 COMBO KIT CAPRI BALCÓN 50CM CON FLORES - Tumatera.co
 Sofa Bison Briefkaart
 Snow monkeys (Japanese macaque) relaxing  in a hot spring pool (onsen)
...
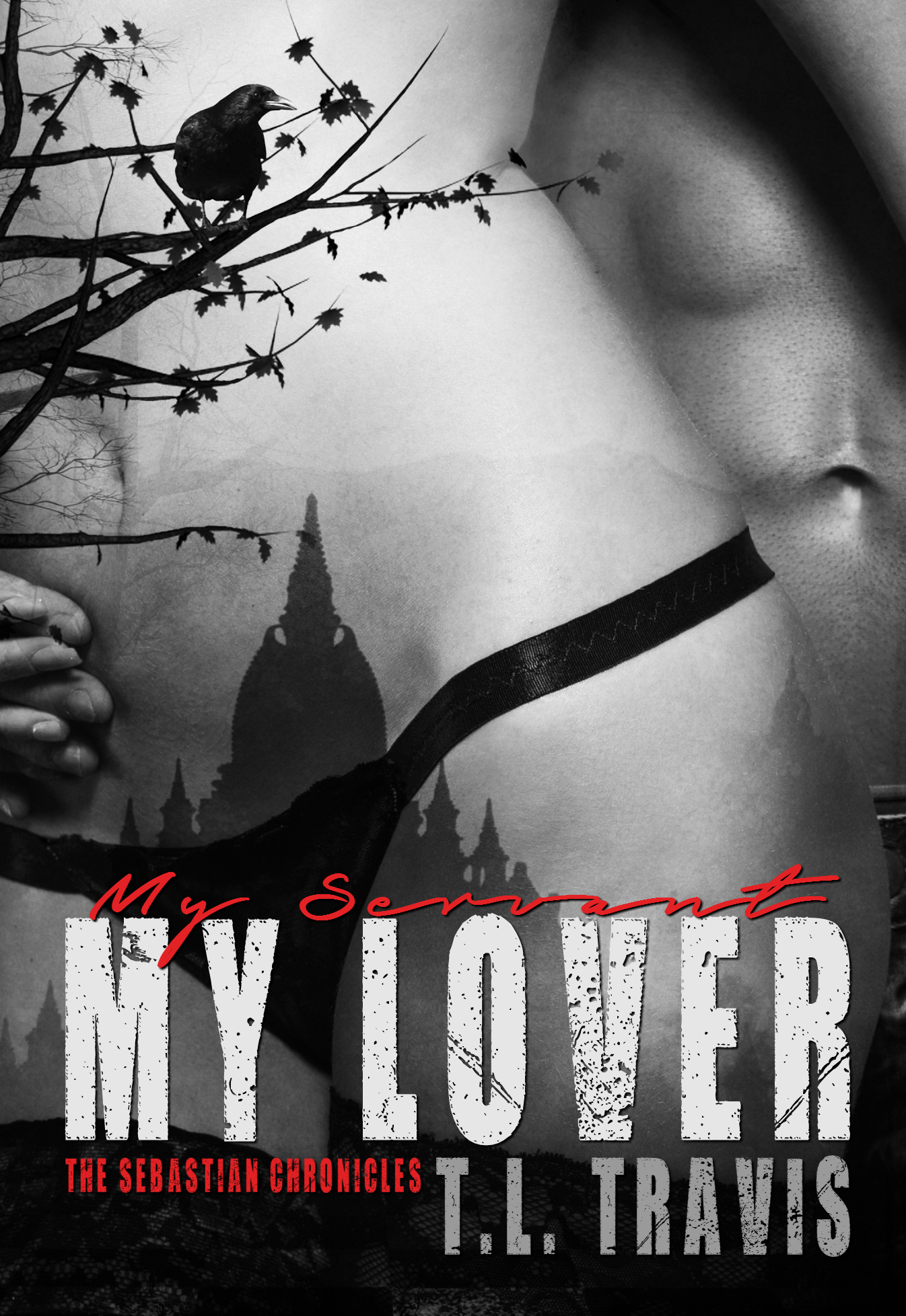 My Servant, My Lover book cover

- **Work task**:
Your answer should be the exact lines above from the one with "COMBO KIT CAPRI" through the one with "Snow monkeys (Japanese", both included, and nothing besides.

- **Result of this task**:
 COMBO KIT CAPRI BALCÓN 50CM CON FLORES - Tumatera.co
 Sofa Bison Briefkaart
 Snow monkeys (Japanese macaque) relaxing  in a hot spring pool (onsen)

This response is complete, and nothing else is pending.